▶ Assigned task
After locating the line with "Image result for Streptocarpus hirticapsa" in the entries below, output it and each following line up to and including the line with "GreenboutiQ - Buxus", exactly and without pictures.

Stored items:
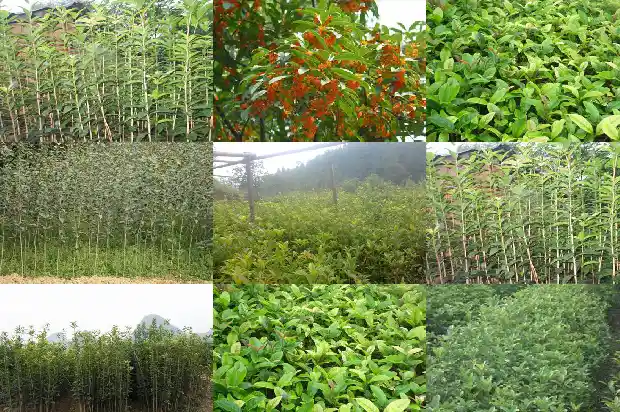 四季桂花开花期是几月1682130954285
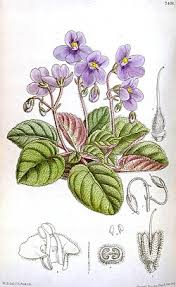 Image result for Streptocarpus hirticapsa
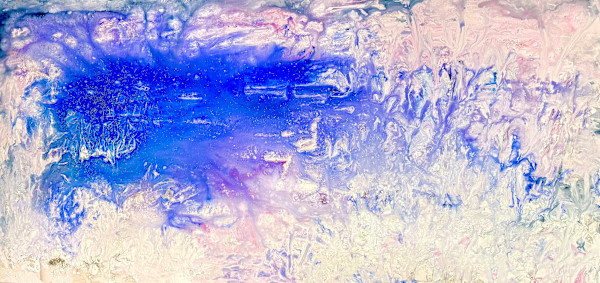 The Last Glacier by Christine Forest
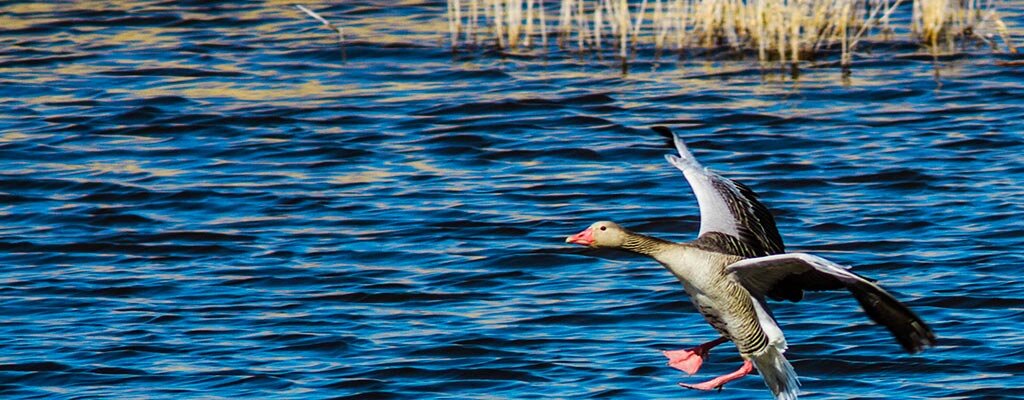 Фото из Яндекс.Картинок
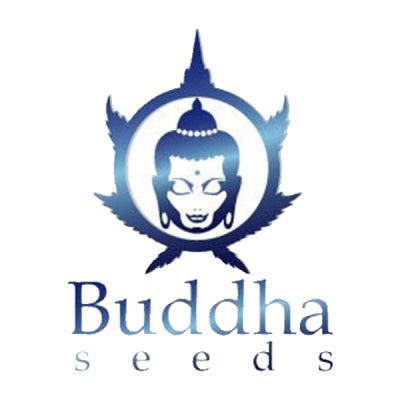 buddha seeds logo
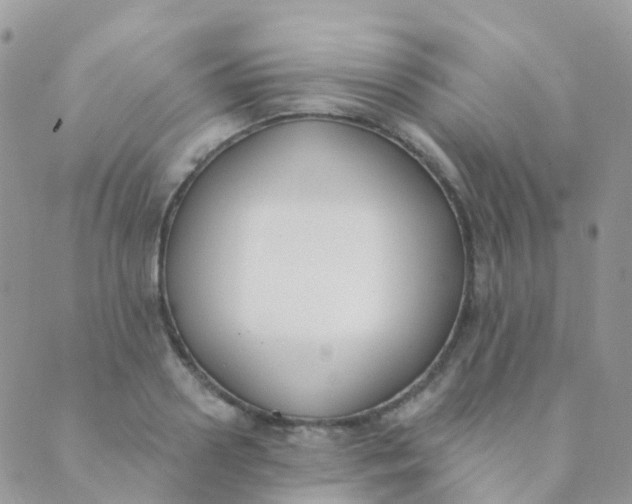 X0000089420938200707061315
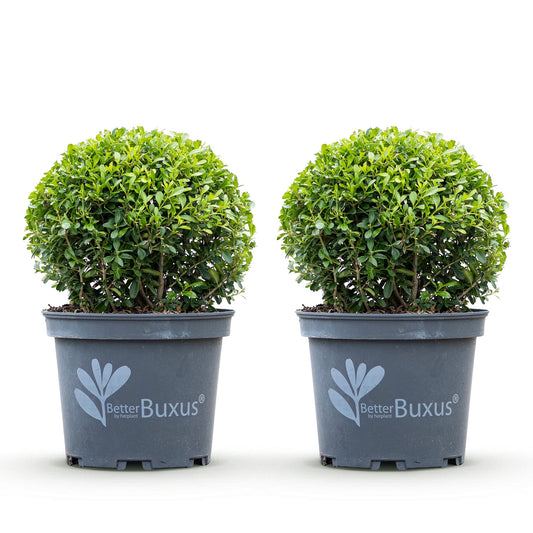 GreenboutiQ - Buxus Kugel - BetterBuxus Skylight - Resistenz gegen den Buxus-Schimmel - 2 Pflanzen - Topf 23cm Kugel 25cm 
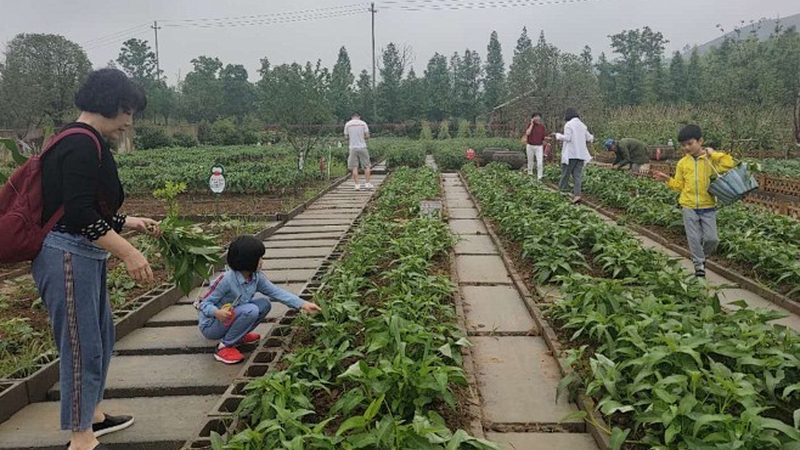 家庭农场种养结构怎么调整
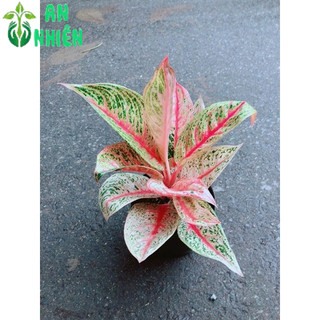 Cây Phú Quý Giống Đặc Biệt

▶ Result of this exercise
 Image result for Streptocarpus hirticapsa
 The Last Glacier by Christine Forest
 Фото из Яндекс.Картинок
 buddha seeds logo
 X0000089420938200707061315
 GreenboutiQ - Buxus Kugel - BetterBuxus Skylight - Resistenz gegen den Buxus-Schimmel - 2 Pflanzen - Topf 23cm Kugel 25cm 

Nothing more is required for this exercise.